23. January 2015

The Musketeers is back on BBC1 and I hope you’re enjoying it. I think we’ve done a pretty good job of recreating 17th-century France as a backdrop to all the action. But I wonder if you’ve stayed to the end of the credits and noticed where it’s filmed. Because it’s not France, or even the UK. We actually make the show in the Czech Republic and I’d like to explain why. Firstly, it’s a way of making quality BBC drama for £1.4 million per one-hour episode. It’s less expensive than Britain and tax incentives mean we can claim back 20 per cent of our outlay, which then goes back into the production.
But money is far from being the only reason. I’ve been working on this show for two years and I’m in the Czech Republic a lot. Each series I check with my wife and family that they’re OK for me to spend six months in Prague and they nod, knowing I’m going to love every minute of it. Plus they get to visit this beautiful city throughout the shoot.

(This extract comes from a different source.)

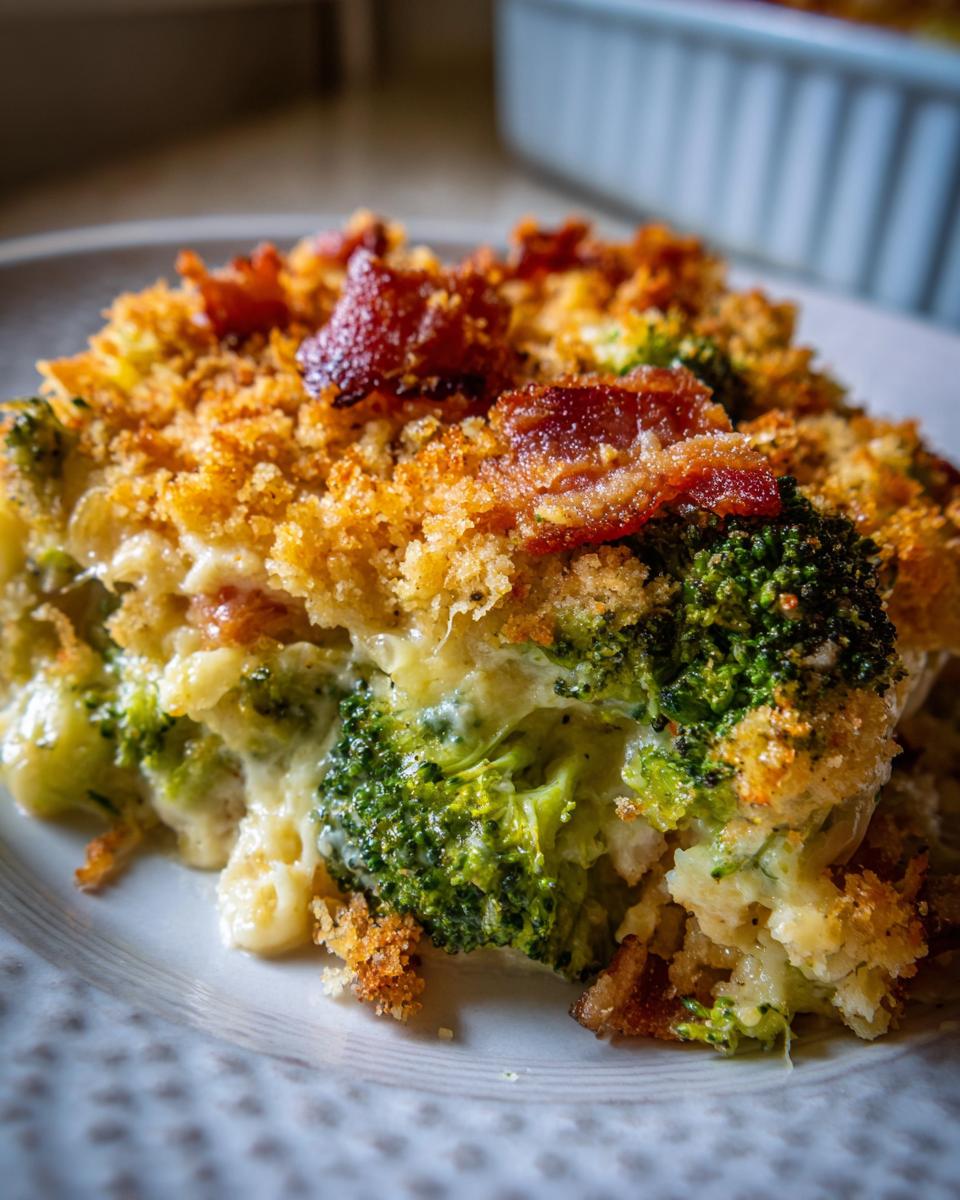 Close-up van een portie Kaasachtige Broccolischotel Met Spek met een knapperige topping en gesmolten kaas.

For anyone in TV, the Czech Republic is a joy – it understands film-making and caters for the needs of a production employing 120 people. The expertise comes from hosting countless international feature films, including Casino Royale and Mission: Impossible, and BBC dramas such as The Scarlet Pimpernel and BAFTA award-winning Charles II: The Power And The Passion. I work with a local film company called Czech Anglo Productions which helps with everything from sourcing our crew to location scouting to liaising with the Czech Ministry of Culture. Should we need a 17th-century boat by next week, they have an artisan boat builder who will make one to order. The local specialists are all here and they all speak fluent English. Then there are the locations which give our production a grand, feature film scale. We don’t use studios – the backdrops and cinematic vistas give us so much for free. It’s the equivalent of the locations David Lean had while making Lawrence Of Arabia in Jordan, Morocco and Spain. We’ve even had the joy of filming in Pilsen, this year’s European City of Culture. Plus, the buildings in and around Prague are stunning – and among the cheapest in Europe to hire. So much of the architecture is unspoilt by modern development. It helps the actors feel they are in the 17th century.
So there you have it – the extraordinary locations, film-friendly landlords and skilled workforce; why wouldn’t we choose the Czech Republic? Oh and the beer is only £1 a bottle and excellent too. That keeps a crew happy!